Literary Hearthstones of Dixie
PHILADELPHIA & LONDON
J.B. LIPPINCOTT COMPANY
1912
COPYRIGHT, 1911, BY J.B. LIPPINCOTT COMPANY COPYRIGHT, 1912, BY J.B. LIPPINCOTT COMPANY
PUBLISHED SEPTEMBER, 1912
PRINTED BY J.B. LIPPINCOTT COMPANY AT THE WASHINGTON SQUARE PRESS PHILADELPHIA, U.S.A.
THE HOME OF AUGUSTA EVANS WILSON, ASHLAND PLACE Now owned by Mrs. George Fearn, Jr.
The fires still glow upon the hearthstones to which our southern writers in the olden days gave us friendly welcome. They are as bright to-day as when, four feet on the fender, we talked with some gifted friend whose pen, dipped in the heart's blood of life, gave word to thoughts which had flamed within us and sought vainly to escape the walls of our being that they might go out to the world and fulfil their mission. They who built the shrines before which we offer our devotion have passed from the world of men, but the fires they kindled yet burn with fadeless light.

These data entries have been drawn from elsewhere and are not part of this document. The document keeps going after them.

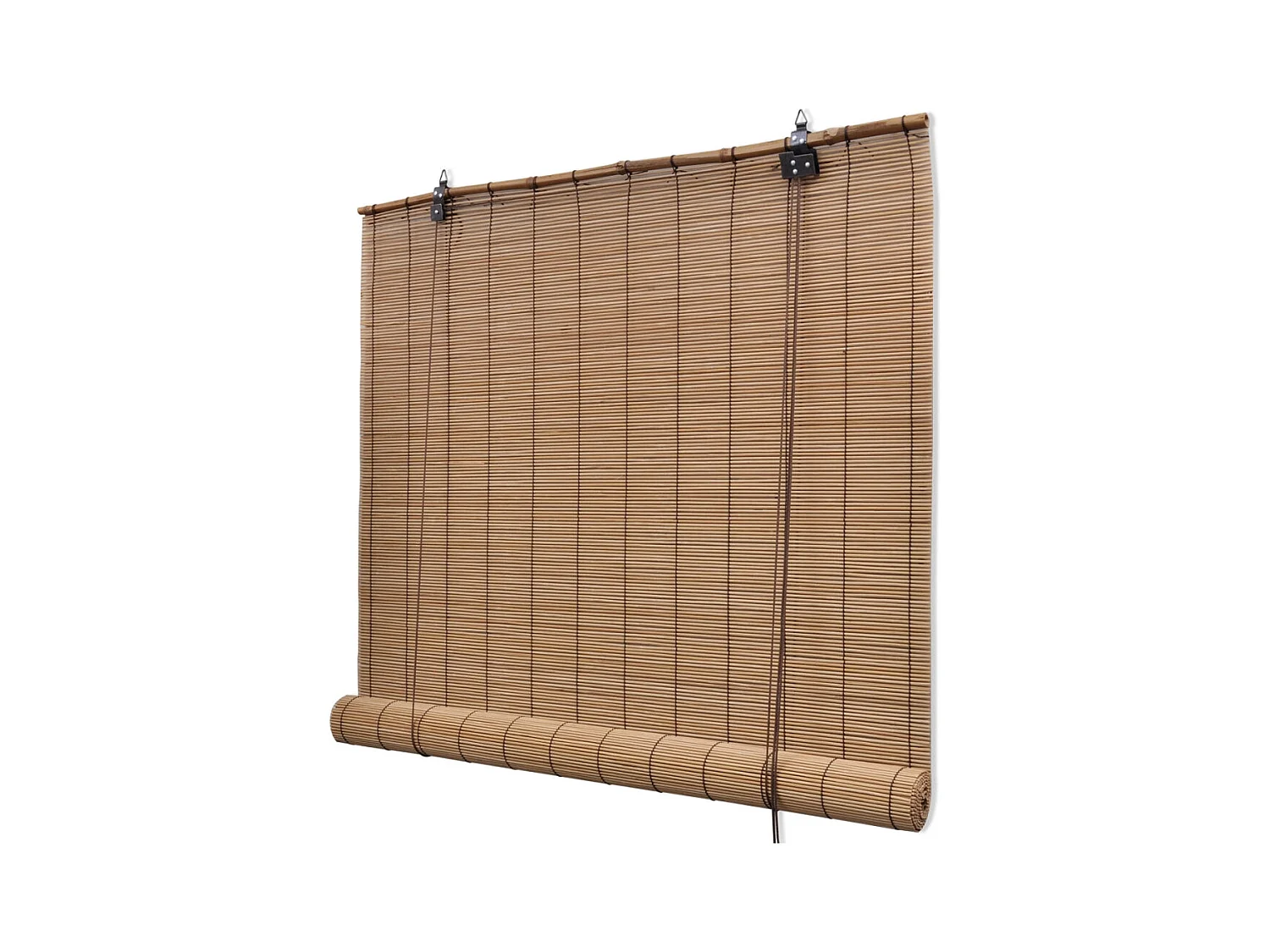 Store enrouleur bambou brun bambou marron 220 x 150 x 220 cm 4102150
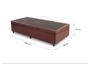 Imagem de Cama Baú Solteiro 88 Tecido Sintético Marrom Com Colchão Marrocos - Poliéster - Espuma D33 30cm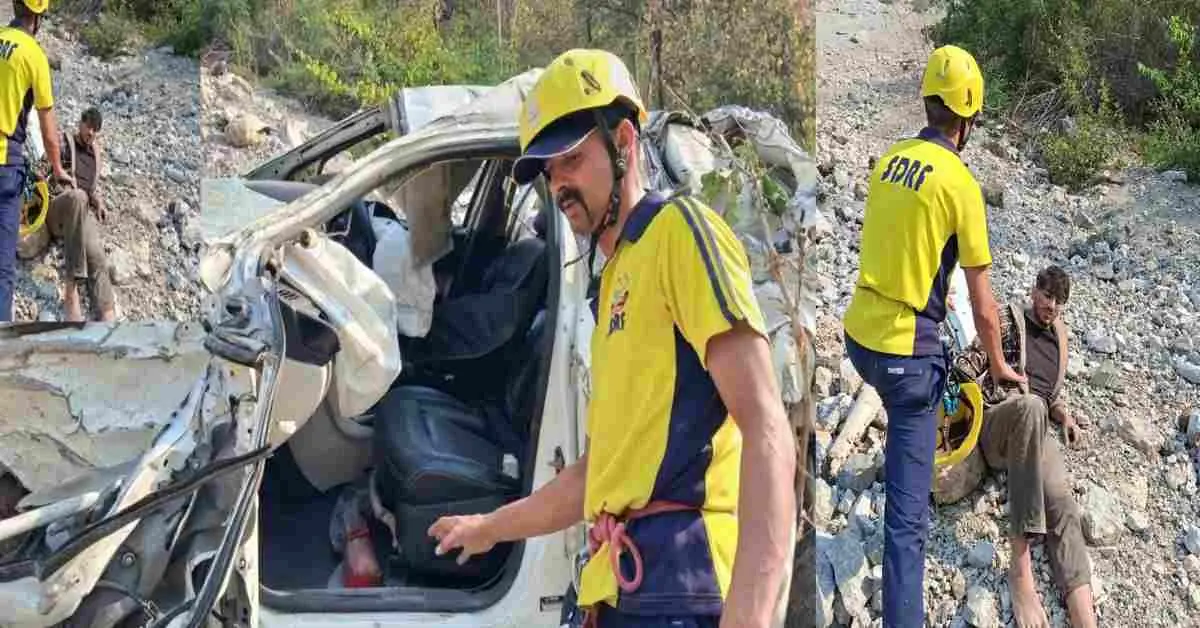 Badrinath highway car Accident: car fell into ditch one missing kedarnath highway uttarakhand breaking news today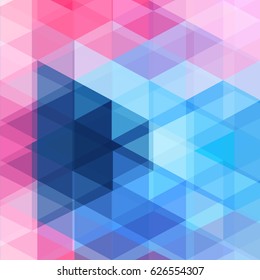Graphic geometric vector background with abstract polygons for design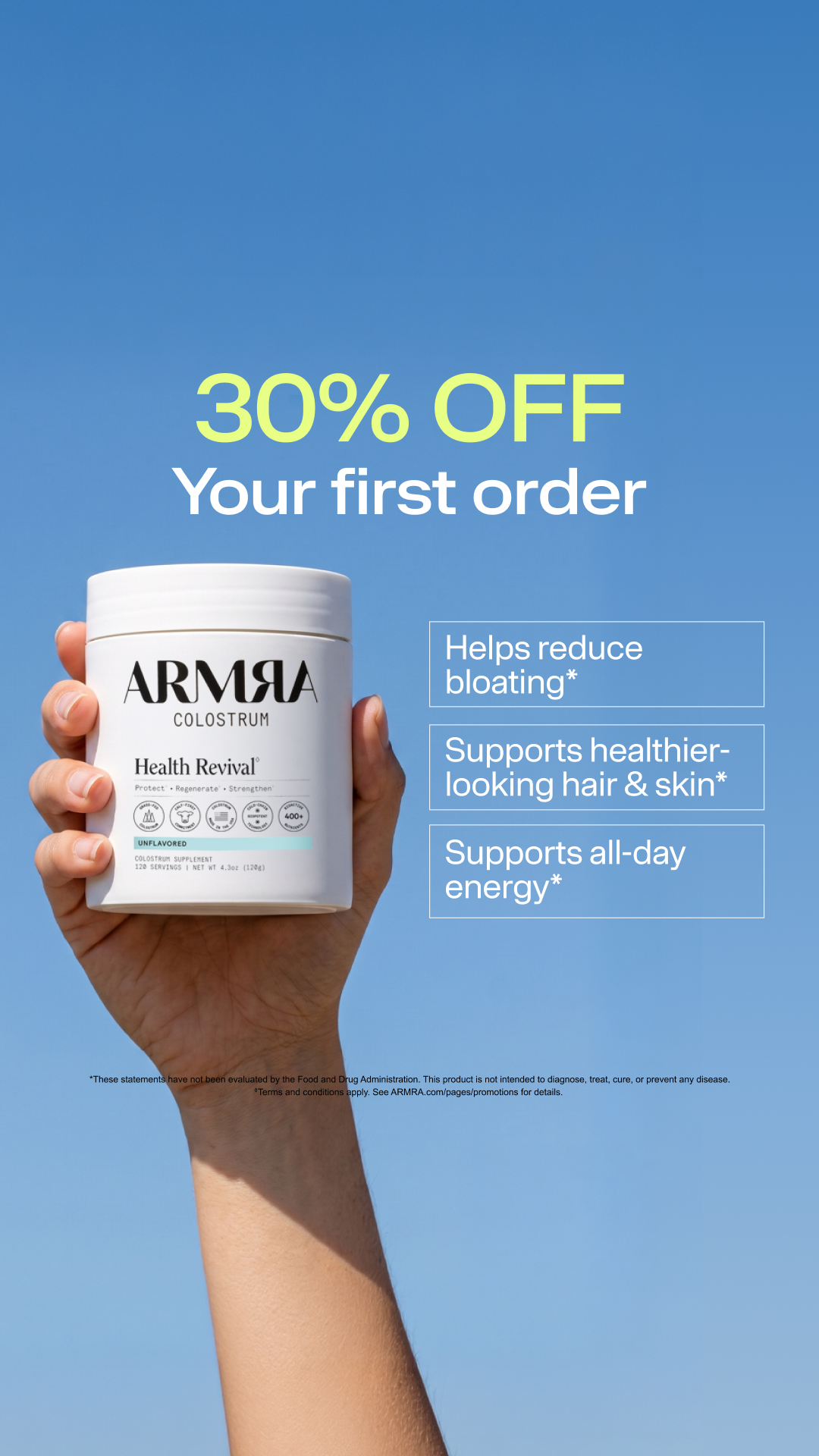 ARMRA Facebook ad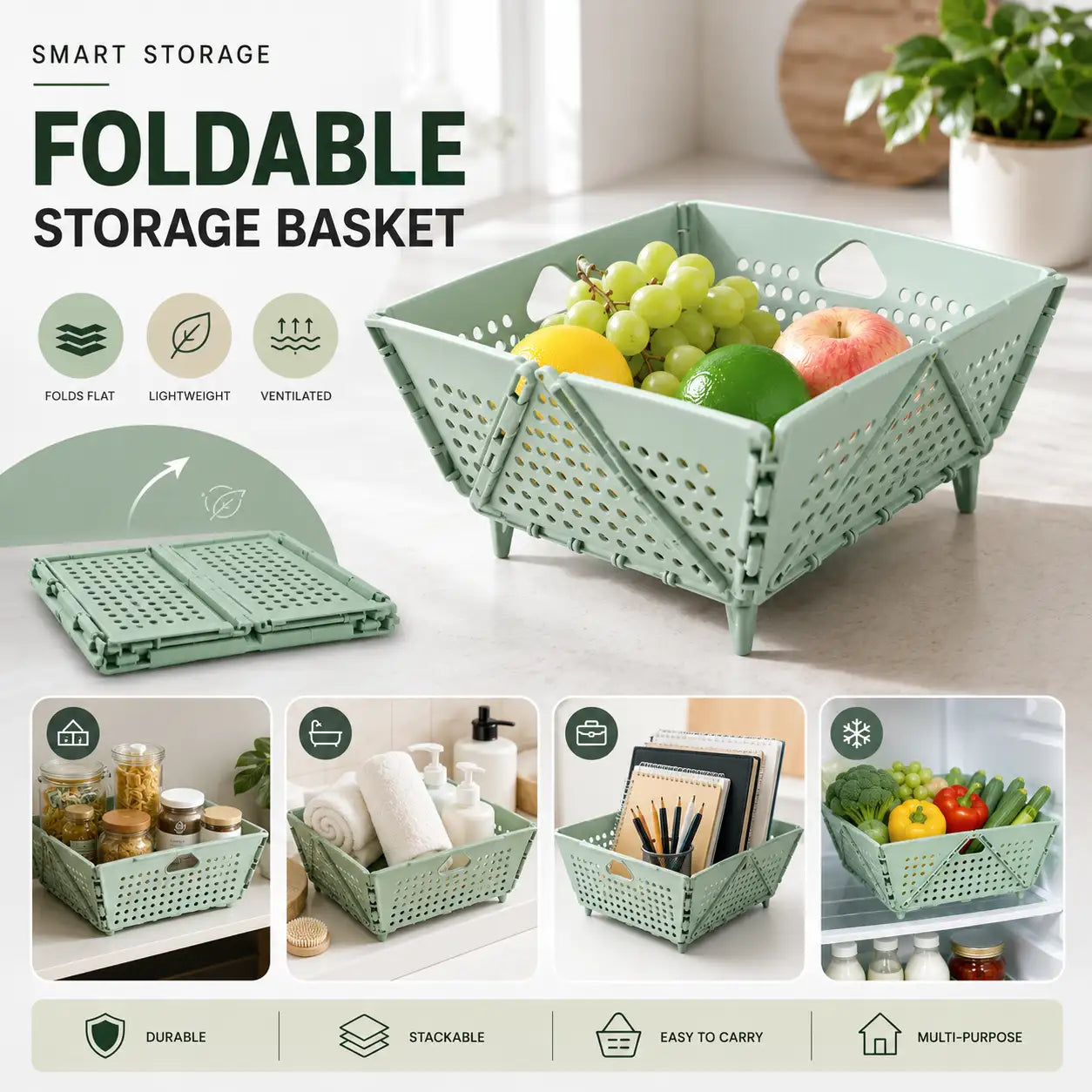 Flexi Fold Fruit & Vegetable Basket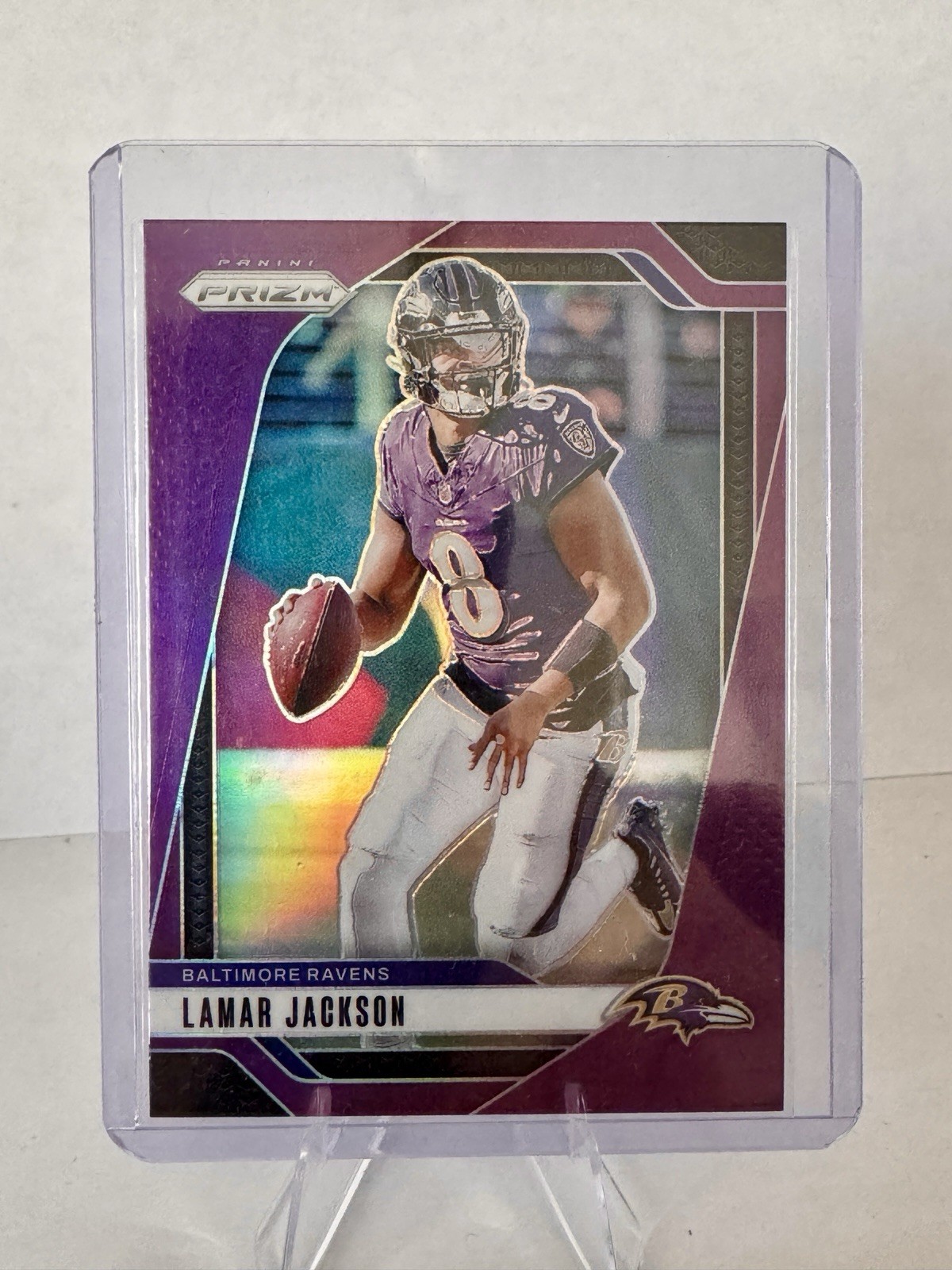 2024 Panini Prizm - Lamar Jackson #19 Purple Prizm /125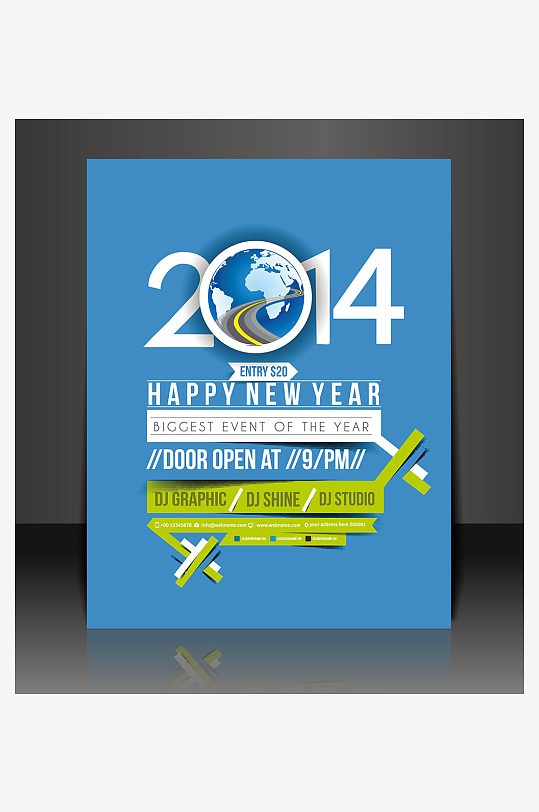 企业海报传单宣传折页素材-众图网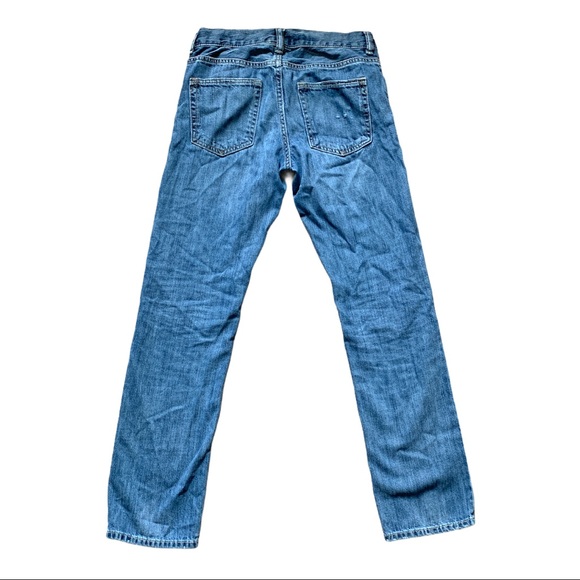 5/$25 GAP Denim Jr. Distressed Boyfriend Straight Jeans - Picture 4 of 6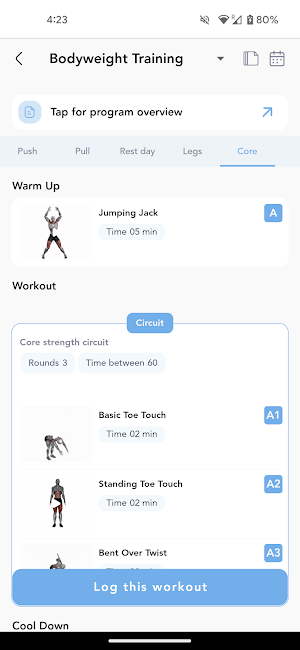 EvasFitness Screenshot 1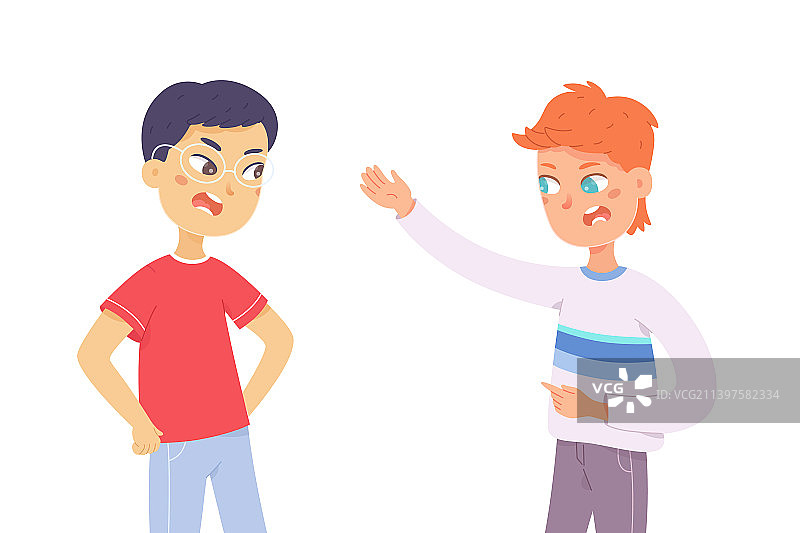 愤怒的两人发生争吵和冲突图片素材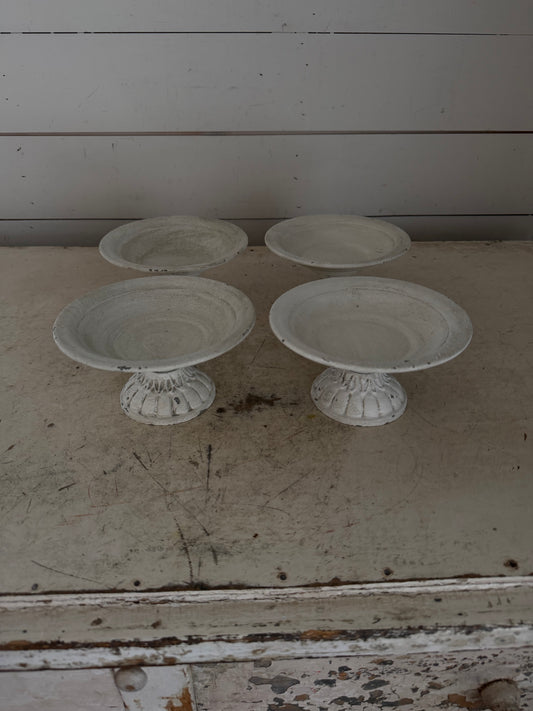 Small Metal Pedestal Bowl Sold Individually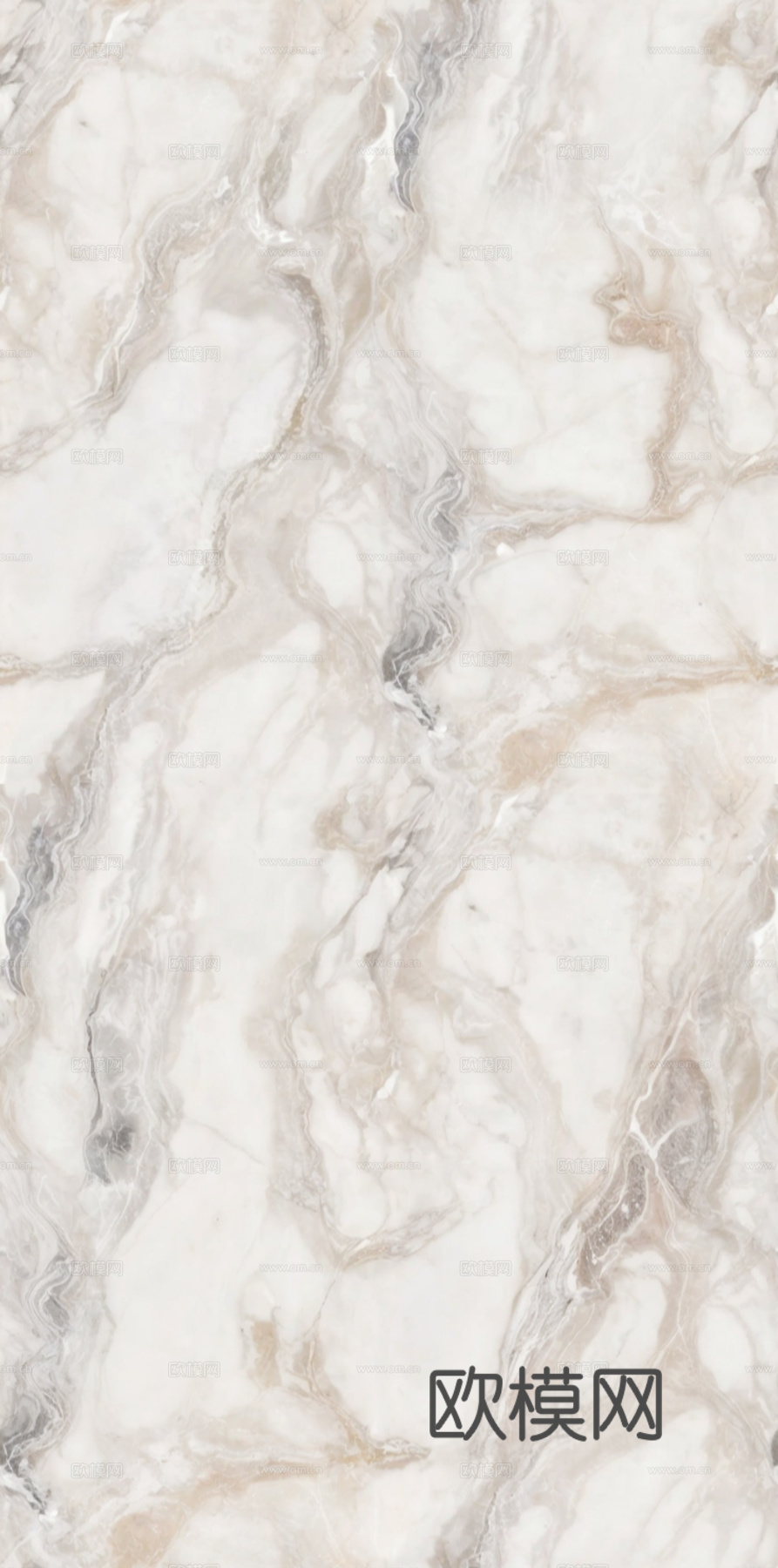 现代浅色芬迪白大理石 奢石
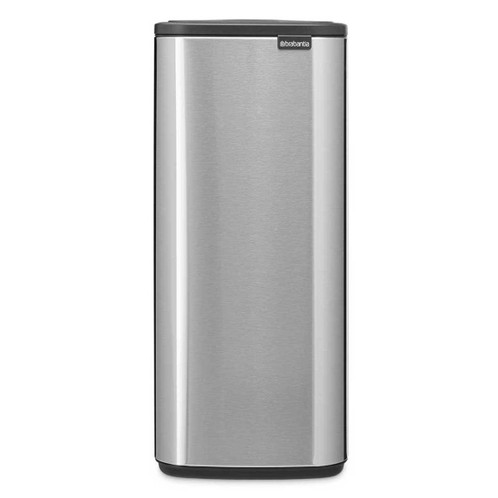 Matt Steel Fingerprint Proof Brabantia Bo Touch Bin 30 Litre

To us who have dwelt in the same environment and found beauty in the same scenes that inspired them to eloquent expression of the thoughts, the loves, the hopes, and the aspirations which were our own as well as theirs, these writers of our South are living still and will live through the long procession of the years. In the garden of our lives they planted the flowers of poesy, of fable, and of romance. With the changes of the years those flowers may have passed into the realm of the old-fashioned, like the blossoms in Grandmother's garden, but are there any sweeter or more royally blooming than these?
The lustre of our gifted ones is not dimmed by the passage of time, but in the rush of new books upon the world the readers of to-day lose sight of the volumes which wove threads of gold into the joys and sorrows of the generation now travelling the downward slope of life. Their starry radiance is sometimes lost to view in the electric flash of the present day. If these pages can in any slight way aid in keeping their memory bright they will have reached their highest aim.